Projet de budget 2014 de la Ville de Genève (suite, et certainement pas fin)

On a oublié, vendredi, dans nos vitupérations contre les âneries budgétaires de la droite municipale, que celle-ci ne proposait pas seulement de supprimer le service "Agenda 21" et de virer une trentaine de travailleurs sociaux, mais aussi de couper dans toutes les "lignes 31" finançant le fonctionnement même de l'administration municipale.

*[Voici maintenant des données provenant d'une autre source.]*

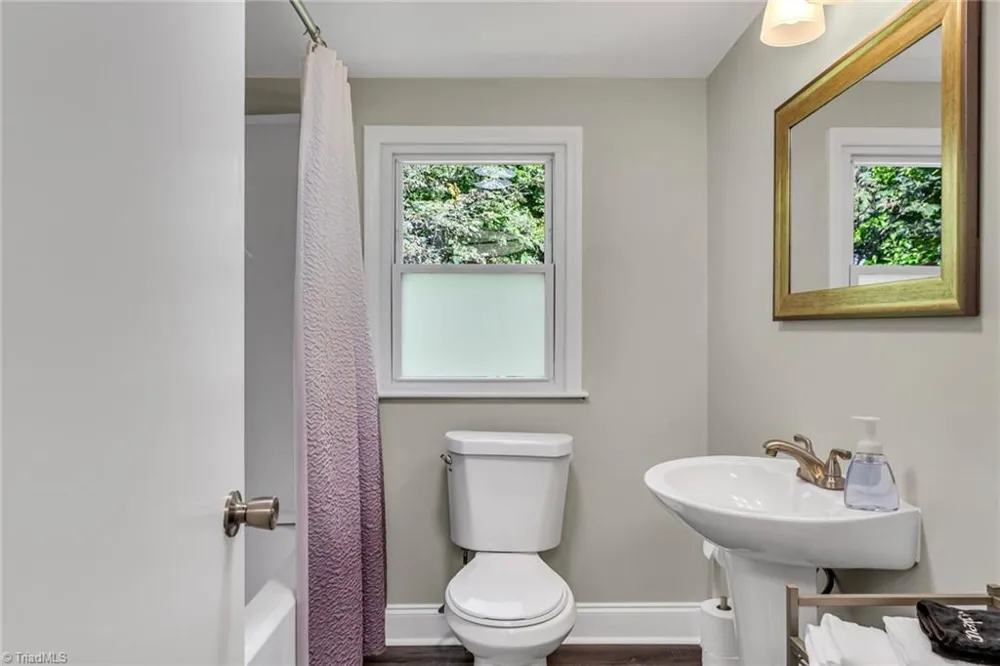 213 E Moore Avenue High Point, NC 27263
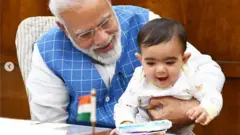 नरेंद्र मोदी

Or dans le seul domaine de la culture et du sport, ces coupes provoqueraient de gros dégâts : dans l'organisation des manifestations culturelles (Fête de la Musique, Nuit des Musées, Musiques en été, etc) et sportives (Urban Geneva, Jeux de Genève, VTT Trial, etc.), dans l'animation dans les bibliothèques municipales et leurs possibilités d'acquisition, dans la capacité d'entretien du matériel sportif courant, dans les possibilités d'expositions temporaires dans les musées etc... Mais bon, hein, tout ça, c'est de la culture (et un peu de sport), et on sait bien que la culture, c'est un truc de gauche... acheter des livres pour les bibliothèques, pis quoi encore ? Apprendre à lire ? Pis après, les gens, ils vont lire des trucs même pas écrits par des gens de chez nous ? ou des naturalisés genre Haldas ?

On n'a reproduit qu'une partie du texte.